Exercise instructions: Only the lines from the one containing "Lot of 10 2013" through the end of the listing are to be repeated, exactly and without pictures.

Exercise materials Block Start

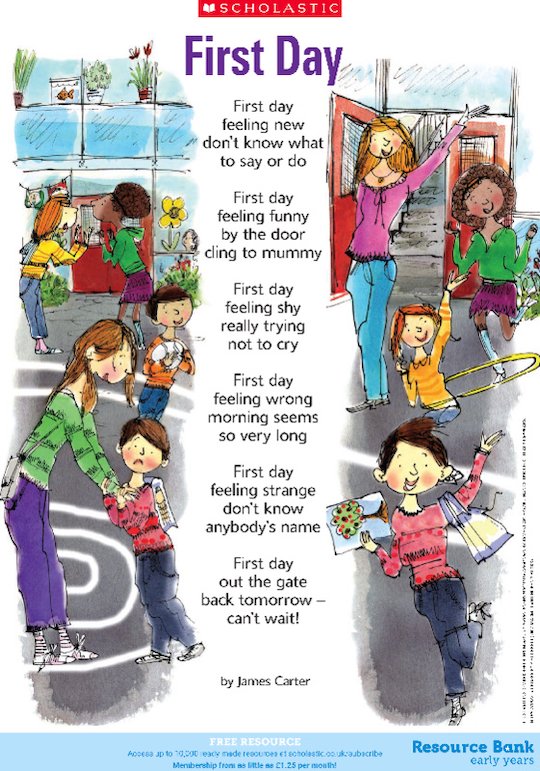 ‘first Day’ Poem – Starting A New School Year - Scholastic Shop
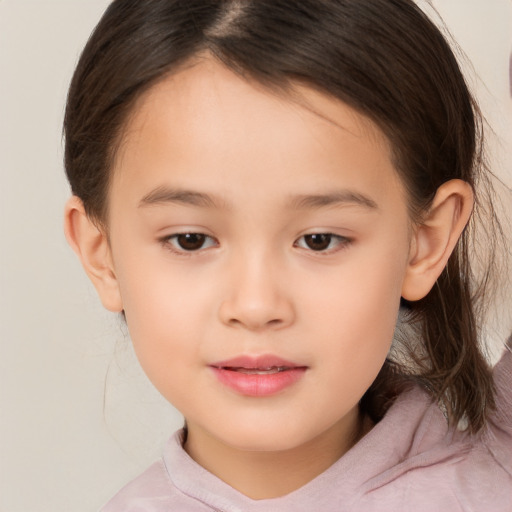 Joyful white child female with medium  brown hair and brown eyes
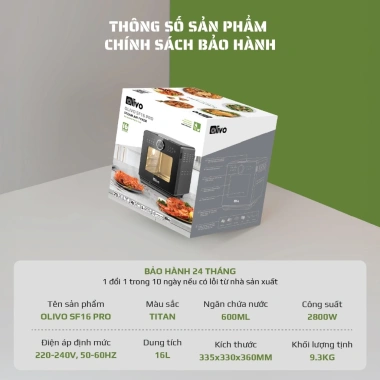 Nồi Chiên Hơi Nước OLIVO SF16 PRO 16L: 70 chức năng, phụ kiện inox 304, giá 5,560,000₫ 9
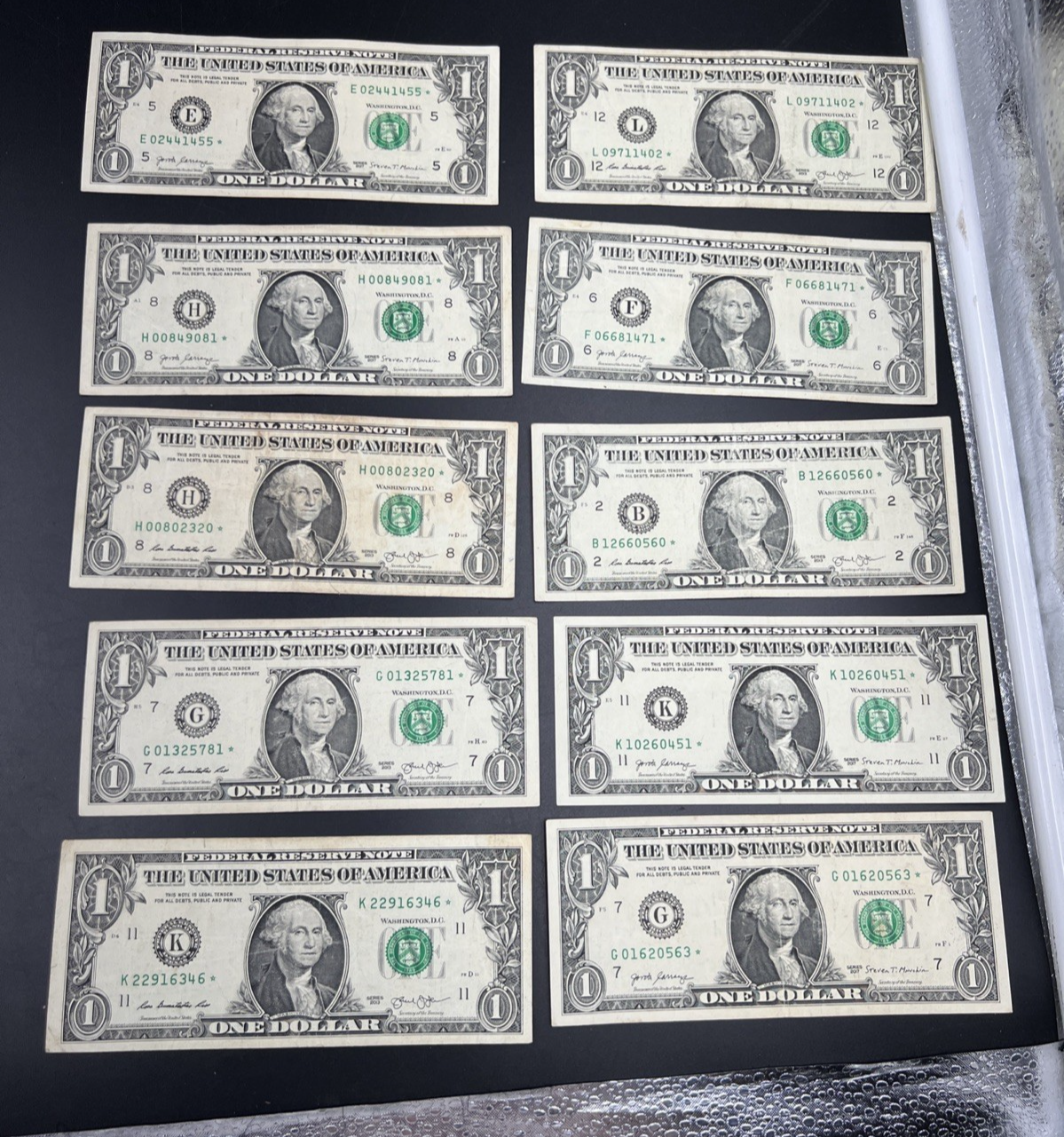 Lot of 10 2013 2017 Star * $1 FRN Federal Reserve Notes Circ #346
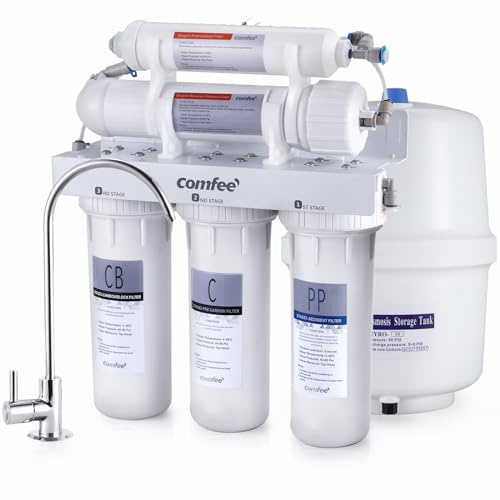 COMFEE' Système d'osmose inverse en 5 étapes, système de filtre à eau certifié NSF sous l'évier, installation facile à faire soi-même, filtration de boisson ultra sûre, sans fuite, fonctionnement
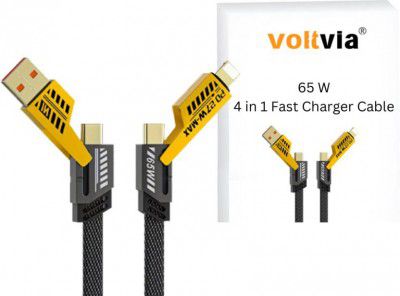 Voltvia Quad Max 4 in 1 Metal Flat Braided Indestructible Cable 3.3ft 65W Power Meter for Cables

Exercise materials Block End

Completed exercise:
 Lot of 10 2013 2017 Star * $1 FRN Federal Reserve Notes Circ #346
 COMFEE' Système d'osmose inverse en 5 étapes, système de filtre à eau certifié NSF sous l'évier, installation facile à faire soi-même, filtration de boisson ultra sûre, sans fuite, fonctionnement
 Voltvia Quad Max 4 in 1 Metal Flat Braided Indestructible Cable 3.3ft 65W Power Meter for Cables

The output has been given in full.